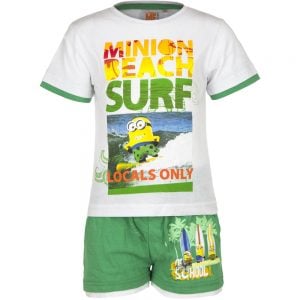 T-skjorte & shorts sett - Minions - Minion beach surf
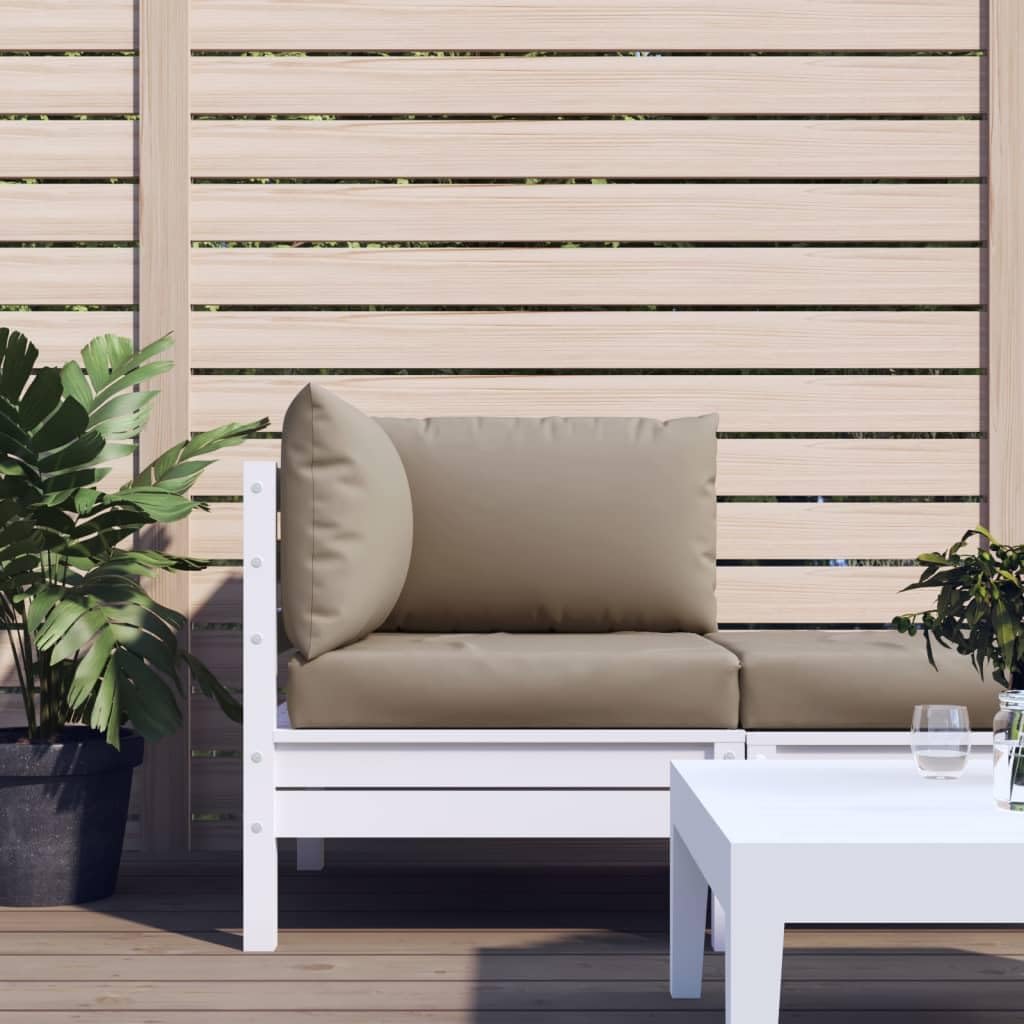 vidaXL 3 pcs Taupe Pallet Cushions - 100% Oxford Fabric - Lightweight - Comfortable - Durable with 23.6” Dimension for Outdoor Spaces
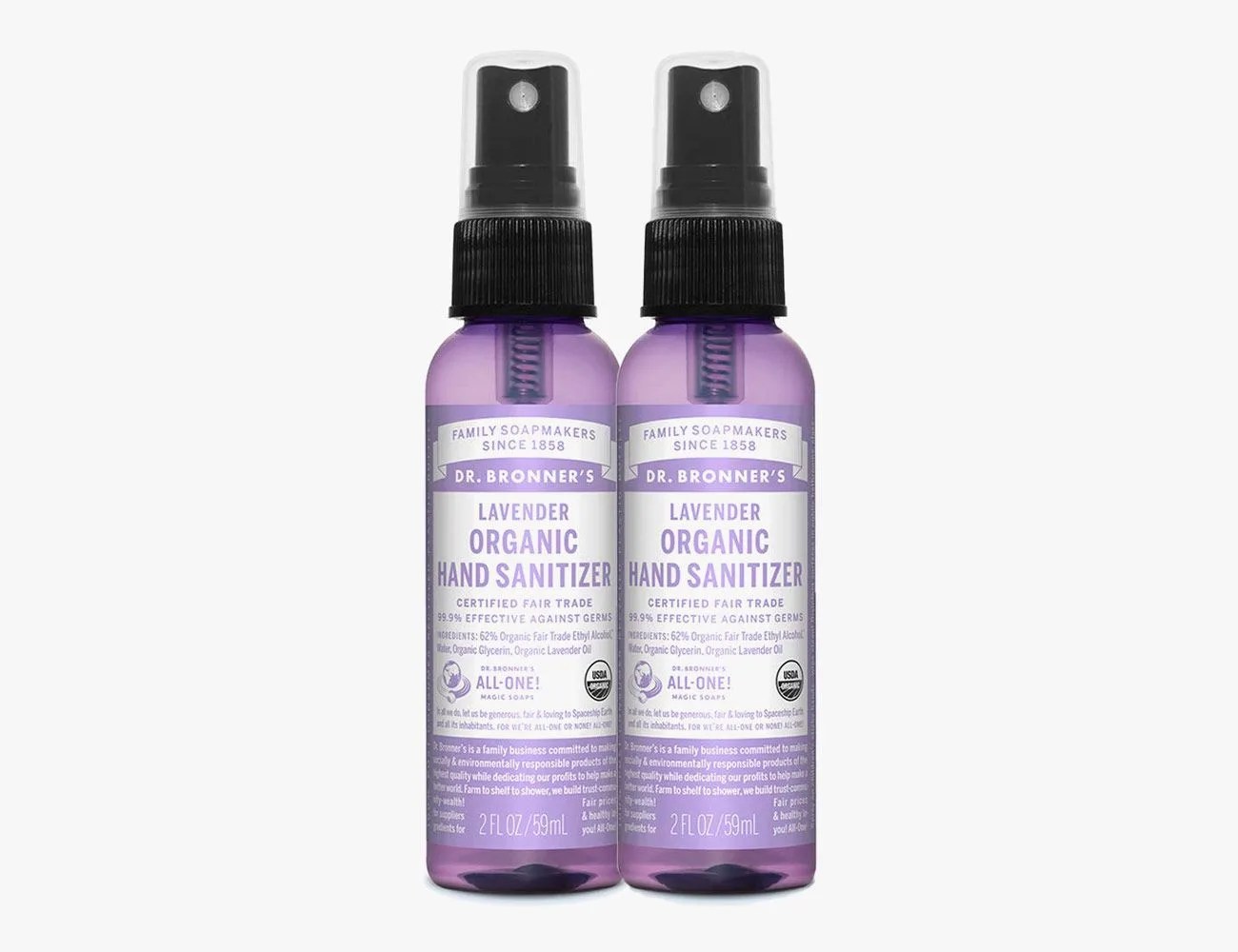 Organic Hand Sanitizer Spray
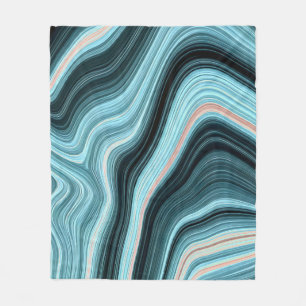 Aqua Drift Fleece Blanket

* TO DO
Reproduce the material exactly; omit the pictures.

* YOUR SOLUTION
 T-skjorte & shorts sett - Minions - Minion beach surf
 vidaXL 3 pcs Taupe Pallet Cushions - 100% Oxford Fabric - Lightweight - Comfortable - Durable with 23.6” Dimension for Outdoor Spaces
 Organic Hand Sanitizer Spray
 Aqua Drift Fleece Blanket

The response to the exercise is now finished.